*RECORDS:*
+++++
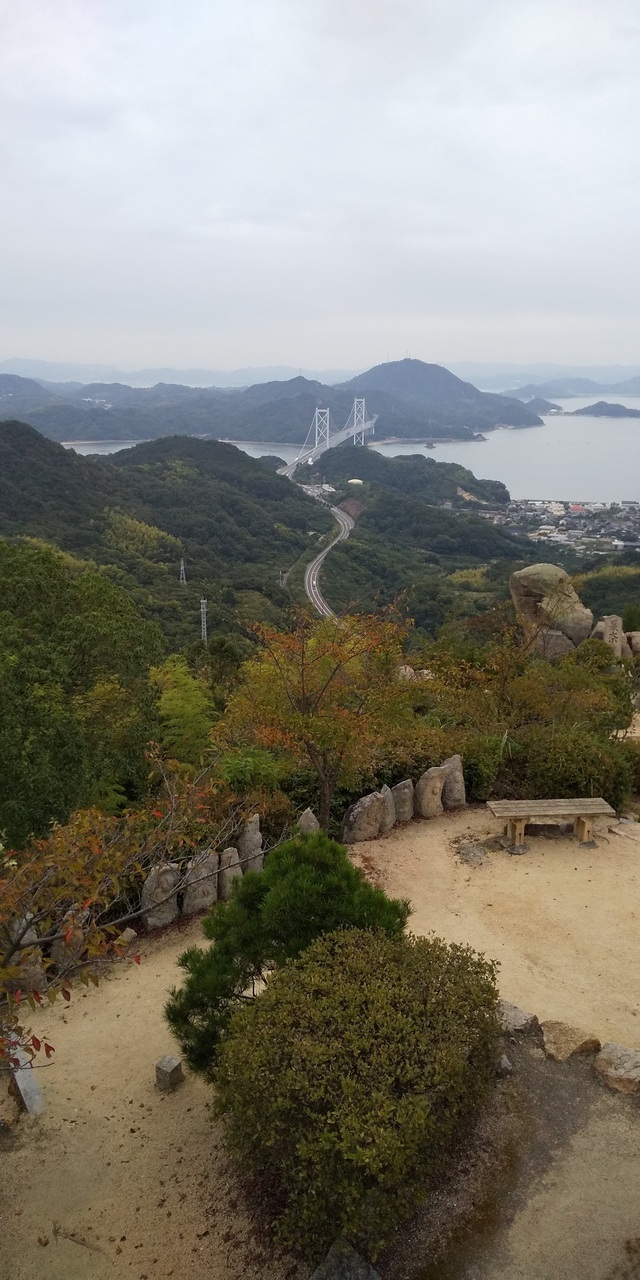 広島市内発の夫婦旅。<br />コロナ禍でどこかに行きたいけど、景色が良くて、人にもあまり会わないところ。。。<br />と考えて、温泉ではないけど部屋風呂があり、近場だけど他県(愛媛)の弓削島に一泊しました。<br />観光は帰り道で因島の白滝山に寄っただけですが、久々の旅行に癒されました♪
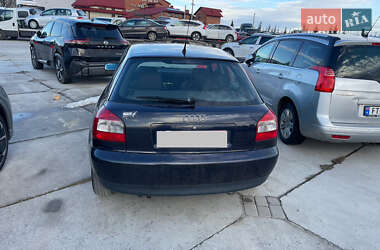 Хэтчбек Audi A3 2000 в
+++++
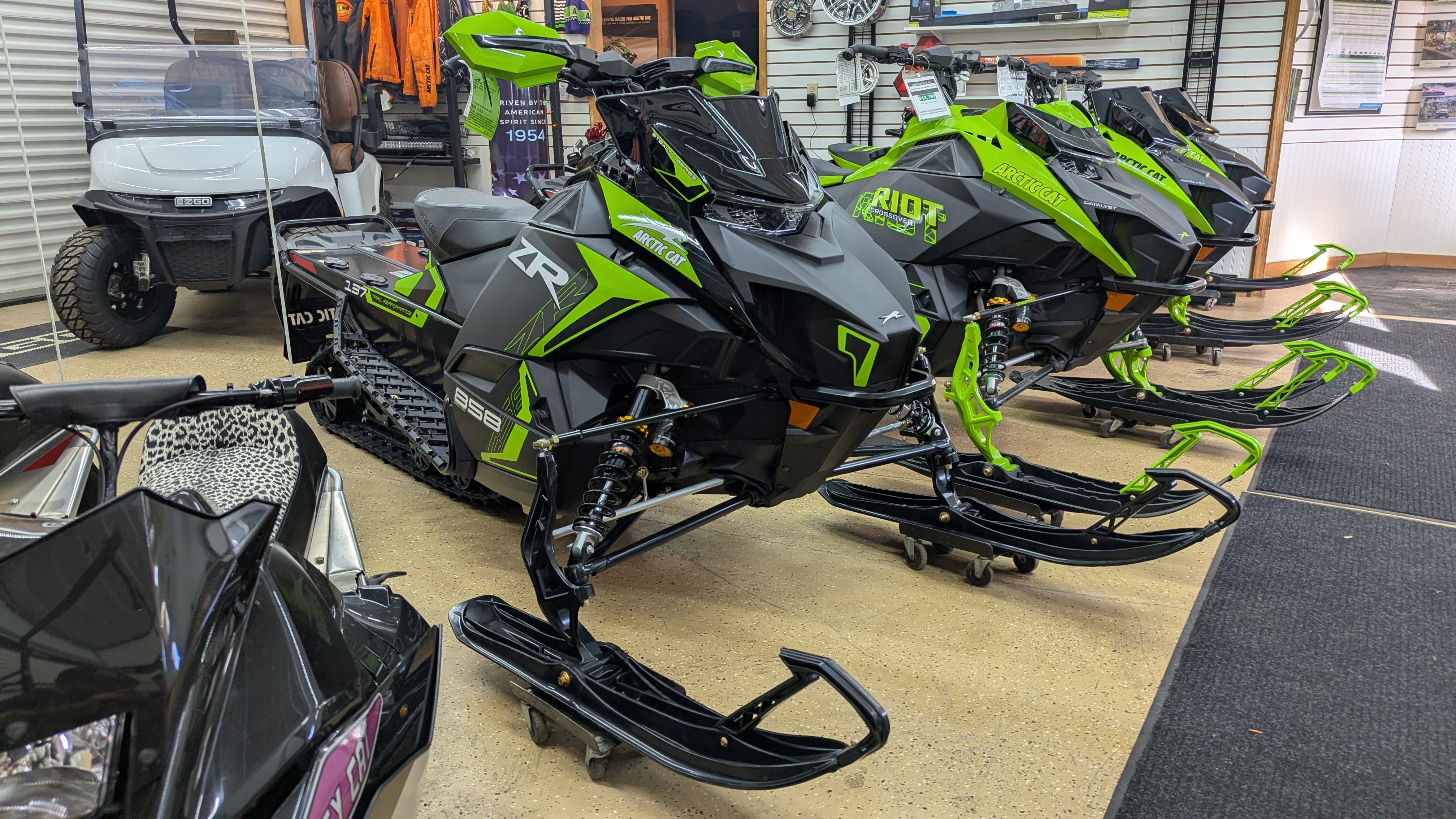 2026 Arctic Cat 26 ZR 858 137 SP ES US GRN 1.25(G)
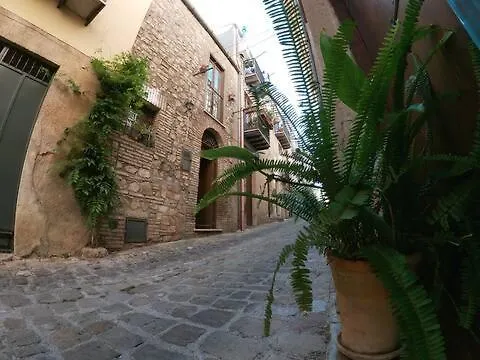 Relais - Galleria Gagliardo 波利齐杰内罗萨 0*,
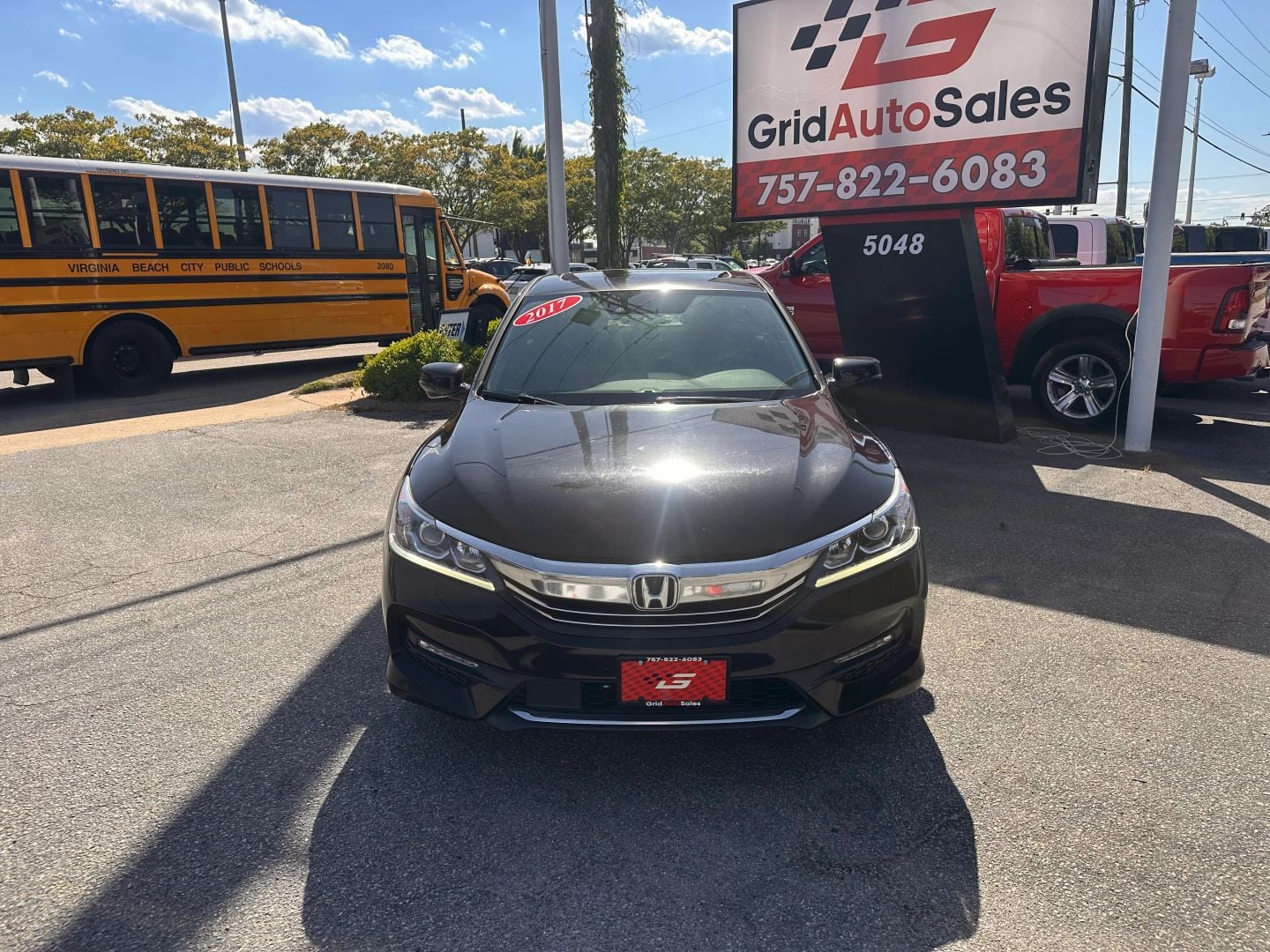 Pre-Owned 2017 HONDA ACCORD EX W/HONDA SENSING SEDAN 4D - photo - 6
+++++
*TASK TO COMPLETE:*
Starting at the line with "Relais - Galleria" and finishing at the line with "Pre-Owned 2017 HONDA", copy the material above exactly, both lines included. Nothing else goes in, and no pictures.

*TASK RESPONSE:*
 Relais - Galleria Gagliardo 波利齐杰内罗萨 0*,
 Pre-Owned 2017 HONDA ACCORD EX W/HONDA SENSING SEDAN 4D - photo - 6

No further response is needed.